In this particular plant’s case, you’ll want to wait for the soil to be dry ⅓ down before watering.

This means it should be dry 2” inches deep in a 6” inch tall pot, for example.

When watering, avoid tap water, use room temperature or lukewarm water – distilled water or natural rainwater is best. Pour slowly and evenly around the circumference of the pot until you see water beginning to seep from the drainage holes.

This plant can be a heavy feeder, but how much it will want depends on your individual plant.

Using a general-purpose liquid houseplant fertilizer, feed the plant every 3 weeks during the growing season, preferably after watering the plant, to help prevent burns.

Monitor your plant’s growth and adjust as needed, either up to every other week or down to once every four weeks.

Even if your plant doesn’t go dormant during the winter months, stop feeding during this time to make it more resistant to any potential chills.

Soil & Transplanting

Your giant taro prefers a loose, well-draining soil or a crumbly loam mix with a slightly acidic pH of 5.5 to 6.5.

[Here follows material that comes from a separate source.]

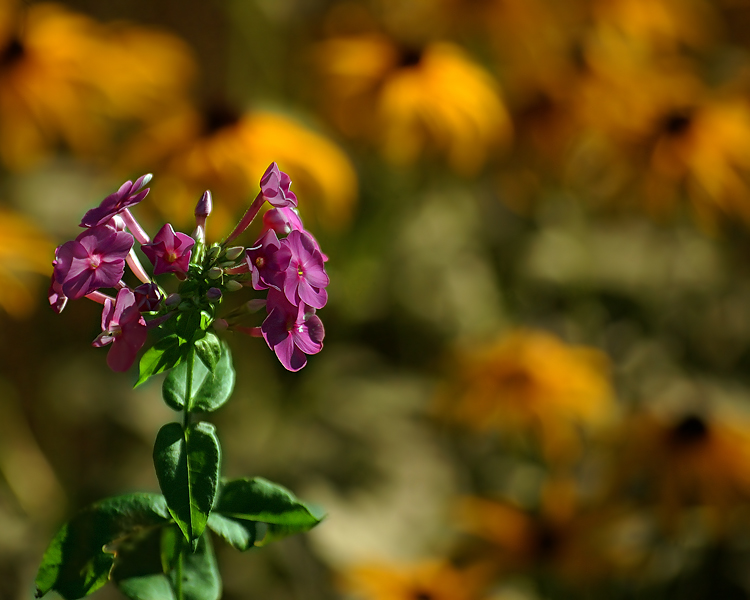 Morning Garden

You may choose to augment a rich soil, such as orchid mixes, with 50% percent perlite or make your mix of compost, orchid bark, perlite, and peat or sphagnum moss.

Proper to planting, it’s often a good idea to add a substrate layer of coarse sand or gravel to your garden spot or container, as this provides a buffer zone against standing water.

This is a rapid grower and heavy feeder. It will need repotting every 1 to 2 years in the spring within a day after watering.

During this time, you may choose to give it a new pot one size larger, but most enthusiasts prefer to divide the rhizomes instead.

Whether growing indoors or outdoors, it’s important to either use fresh soil (pots) or add fresh compost (gardens) to ensure the plant is well-fed.

Grooming And Maintenance

Regularly remove any dead or dying leaves from the plant and its container, using sterile, sharp shears if cuts are necessary.

The leaves on indoor plants will also need to be wiped down with a non-chemical leaf shine (such as a neem leaf shine) or dusted every 1 to 2 weeks to ensure better photosynthesis.

How To Propagate Alocasia Macrorrhiza

Basal offshoots (aka suckers or rhizomes) and seeds are both common methods to propagate alocasia.

Mature plants may also be propagated through stem cuttings.

Giant Taro Pests or Diseases

Aphids, fungus gnats, mealybugs, scale, spider mites, and thrips will all find your giant taro to be appealing and may lead to numerous infections.

This plant is also susceptible to boytris, multiple forms of rot, leaf spot, powdery mildew, rust, southern blight, and Xanthomonas.

This plant contains varying quantities of calcium oxalate crystals, is a toxic crystal also found in many common vegetables.

When consumed in larger concentrations, it can cause irritation, swelling of the mouth and throat, loss of appetite, nausea, vomiting, or even kidney stones.

In large enough quantities, calcium oxalate can be life-threatening to you or your pet.

However, the crystals break down when the plant is cooked correctly, making it safe to consume when properly prepared first.

Alocasia Macrorrhiza Uses

As mentioned, the corms of giant taro are a valuable starch food when properly prepared and are a key ingredient of Binagol, a Phillipino treat.

The leaves are also sometimes used as temporary umbrellas when Pacific Islanders are caught in a downpour.

Their fast-growing nature makes a great annual option for gardeners who want an outdoor alocasia but are too far north for most species.